Fusilli/Fusilloni alla Valle d’Aosta

Polenta is to northern Italy what bread is to Tuscany, what pasta is to Emilia-Romagna and what rice is to the Veneto: easy to make, hungry to absorb other flavours, and hugely versatile.

Yotam Ottolenghi

A good and serves plenty recipe for a rather quick dinner for busy Christmas people that still want a warm comforting bowl for family and friends after busy days of Christmas prep…I had the short list of ingredients in the house so it was nothing for me to throw together and finish in a short period of time. It took little time to gather and prep the ingredients and I actually sat and reread the recipe to be sure that I had done what I could do until cooking the pasta time.

A creamy, luscious, and filling dish that needs nothing more that a salad to go with if you like. A fancy Mac ‘n cheese indeed.
Notes: I did find good selection of assorted mushrooms already sliced in one package/4 ounces that worked quite well and in large pieces so y mushroom hater could avoid them. Also Virginia baked ham, thinly sliced, is a great substitute and does not give off a heavy smoky flavor to the dish. I did cut the recipe in half and I didn’t have potato flakes and it still all worked. I had all but the taleggio cheese so I had options. Fontina, and havarti or gruyere works just fine.

Ingredients

1 lb. mixed fresh mushrooms (4 small porcini, chanterelles, Chiodini, or Shimeji
3⁄4 lb. long fusilli pasta
1 cup fresh cream
9 oz. taleggio
4 oz. fontina
1 oz. ham, sliced into strips
1 tsp. potato flakes
2 Tbsp. milk
santoreggia or summer savory to taste (substitute with rosemary and thyme)
1 Tbsp. unsalted butter
salt – pepper

Clean the mushrooms with a damp cloth. Cut into pieces. Melt the butter in a saucepan until frothy. Add mushrooms and cook for 4-5 minutes. Season with salt and pepper to taste.

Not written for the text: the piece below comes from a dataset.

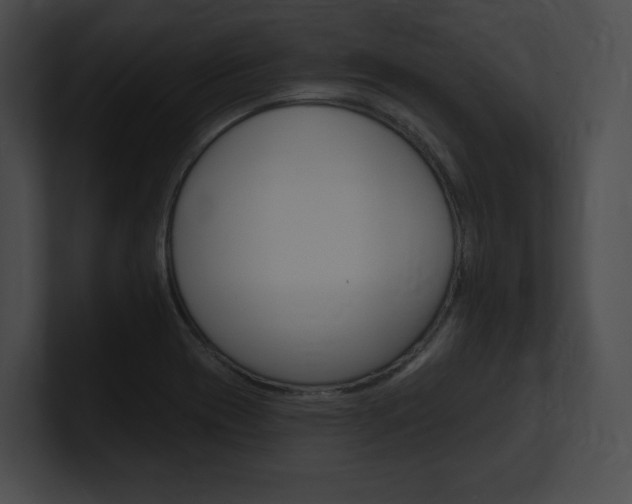 X0000101161417200806270723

Dissolve the potato flakes in the milk and set aside. Dice the taleggio and fontina in 1⁄4” pieces. Add the cream and cheeses to a small saucepan over low heat. Stir constantly until they soften. Add the dissolved potato flake-milk mixture.

Continue to stir until completely melts. Season with salt and pepper to taste. 

Bring a large pot of water to a boil and season with salt. Add the pasta and cook until al dente. Drain and add to the saucepan. Cook for 1-2 minutes over low heat. 

Remove from heat. Top with the mushrooms, ham, and santoreggia to taste. Serve immediately.